London prides itself on its cultural diversity, complex demographics and vibrant communities. With so many different heritages and faiths living in such close quarters, there is an air of celebration at London’s forward approach to embracing variety. May 5th was a landmark day not only in British politics but in British history.
The Mayoral elections paved the way for positive change in the city. Given that Boris Johnson had already announced that he would not be standing again, the empty chair (or bicycle seat, in Boris’s case) was waiting to be claimed.
It was a two-horse race from the start, with Labour’s Sadiq Khan and the Conservatives’ Zac Goldsmith charging at the prize, both bursting with policies and promises that aimed to change London for the better.
But when Khan was declared the winner, the significance of his landslide win transcended politics and became something so much more.
With the world becoming increasingly polarised and the media focussing on the damaging influences of minority Islamic hate-groups, it has never been so important to show that London really is one of the world’s fairest societies. The faith that London residents have put in this brown-skinned, dual-heritage, liberally-inclined Muslim directly demonstrates that the power of community can often outweigh the scaremongering tactics of mainstream media.
And some might say this is the fairest win of all. Only 45% of the cities population are white British, with the other 55% identifying as another ethnicity or nationality. There is also a vast landscape of religious beliefs embedded into London culture. Christians, Muslims, Sikhs, Buddhists and Jews co-exist alongside an array of other minority faiths and groups, all of whom are free to practise their beliefs, but don’t necessarily feel fairly represented or understood. Khan’s win may be able to unite the overall population further, connecting communities that have otherwise felt invisible in a white-washed world and giving a voice to London residents no matter their heritage or religion.
So what does Khan offer London other than hope for a more accepting and fairer attitude towards cultural differences?
Firstly, anyone who has ever tried to live in any of London’s boroughs will know that housing is cramped, expensive and often poorly managed. Khan fully accepts the reality that many people now belong to the ‘renter’s generation’: that section of young adults who will likely never own their own home unless they inherit one. So with this in mind, a London Living Rent Scheme will be introduced where the rents are a third of local average wages, making living in this type of accommodation affordable, with an additional promise to scrap high agency fees and dodgy slumlords.
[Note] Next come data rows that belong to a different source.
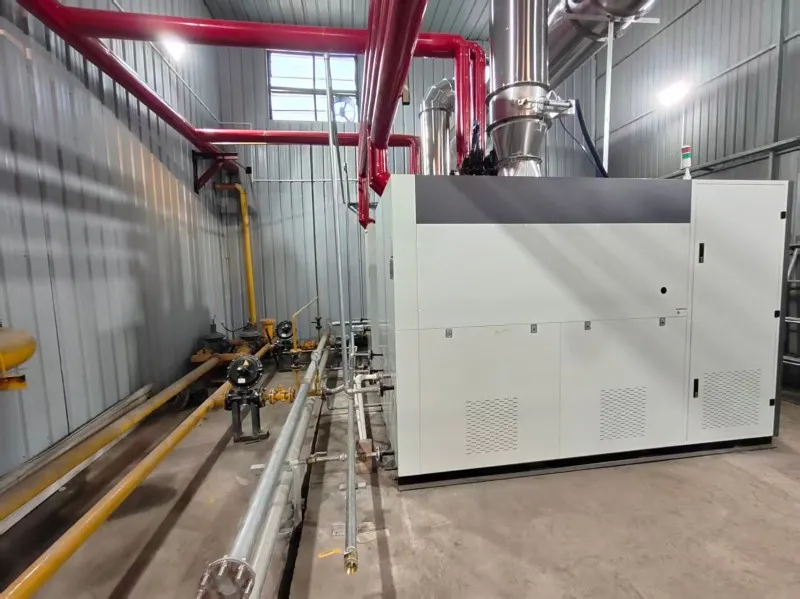 Пищевая промышленность Шицзячжуан (3)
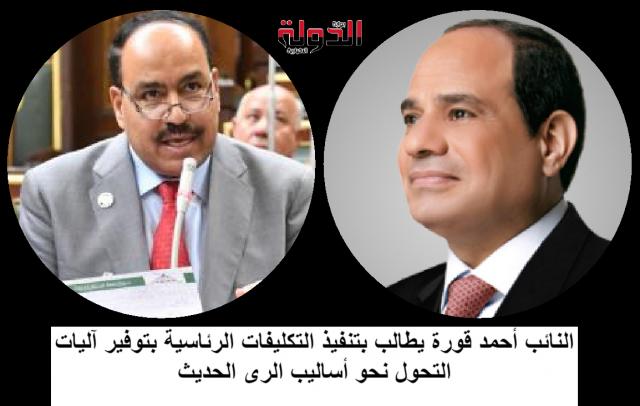 الرئيس عبد الفتاح السيسى - النائب أحمد عبد السلام قورة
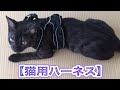 猫用ハーネスを装着してみた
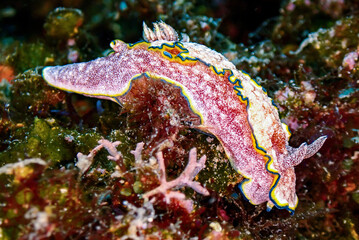 Nudibranch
He also discusses travel and transport. Commuting in London is increasingly expensive. The average city worker spends more than £1,700 per year on travel tickets and Oyster Cards and usually this is just to get to work and back. Khan would like to introduce a price freeze, and a one-hour-unlimited-bus-ticket for regular travellers, something that will likely be wholly welcome from east to west.
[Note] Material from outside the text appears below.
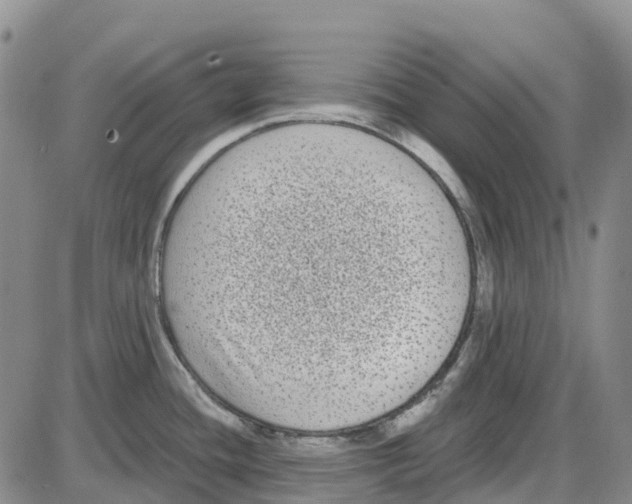 X0000085081436200704021425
But one of the most significant promises is a pledge to fight visa restrictions on talented foreign nationals joining the London workforce. This may be especially brave considering at the time he could not have predicted where the majority vote would fall on the EU Referendum, which will inevitably impact on any issues relating to immigration. It is also a bold move to prove that London authorities recognise that there is a genuine need for qualified, skilled workers regardless of their heritage or place of birth, a concept lost on many far right organisations.
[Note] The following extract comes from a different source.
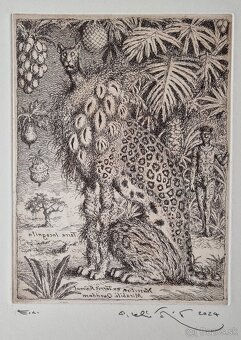 Peter Kľúčik - predám grafiky. - 13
Khan hasn’t forgotten that equal opportunities create the fairest path to gaining meaningful employment. His vow to create more apprenticeships for young people shows a willingness to train all members of the general public regardless of their socioeconomic boundaries. As university fees are set to soar once again, Khan gives hope to those young people who will slip through the net, and ensure that there are options for everybody, not just the privileged or academically talented. After all, as the son of a local bus driver and seamstress, he knows only too well what it means to grow up with the odds stacked against him.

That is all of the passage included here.